The pope, bearing what he described as a message of peace, had previously visited Turkey, where he kicked off his first overseas tour since being elected leader of the world's 1.4 billion Catholics in May.
Long hailed as a model of coexistence, multi-confessional Lebanon is nonetheless plagued by sectarian and political rifts, and has seen waves of emigration.
Since 2019 it has been ravaged by successive crises, from an economic collapse widely blamed on official mismanagement and corruption, to a devastating Beirut port blast in 2020, to the recent war between militant group Hezbollah and Israel -- which many Lebanese fear could return.
Leo told officials, diplomats and civil society representatives in a speech at the presidential palace that "there are times when it is easier to flee, or simply more convenient to move elsewhere. It takes real courage and foresight to stay or return to one's own country."
He urged Lebanese people to take up the "path of reconciliation", and called on the country's leaders to place themselves "with commitment and dedication at the service of your people".
No real reconciliation process was undertaken following Lebanon's 1975-1990 civil war, and the latest conflict between Israel and Hezbollah has deepened divisions.
- 'Promote peace' -
Lebanon rolled out the red carpet and a 21-gun salute for Leo, who was greeted at the airport by children and a brass band as ships at the port sounded their horns.
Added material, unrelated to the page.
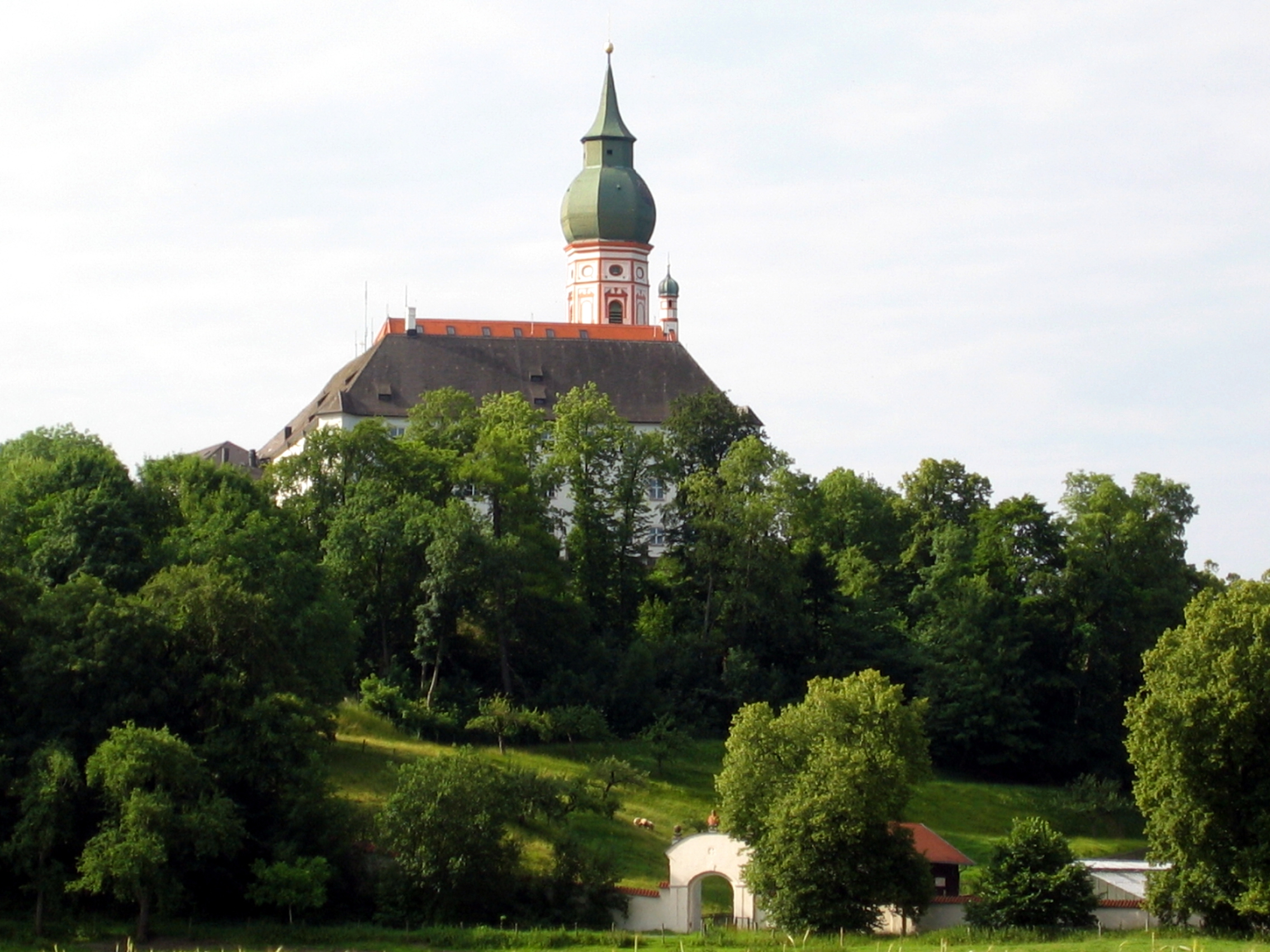 Klosterkirche Andechs.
Two Lebanese military aircraft escorted his plane on descent.
Hundreds of people standing along the roadside braved heavy rain to greet the pope along his route to the presidential palace.
"The pope is not just for Christians but for Muslims too, and we love him a lot... We want him to bless our land," said Zahra Nahleh, 19, from Lebanon's war-ravaged south, who was waiting to welcome the pontiff.
Leo told journalists on the plane that his tour had "a special theme of... being a messenger of peace, of wanting to promote peace throughout the region".
He went on to emphasise that theme in his speech at the presidential palace, using the word "peace" more than 20 times, without mentioning any specific conflicts, including the war between Hezbollah and Israel.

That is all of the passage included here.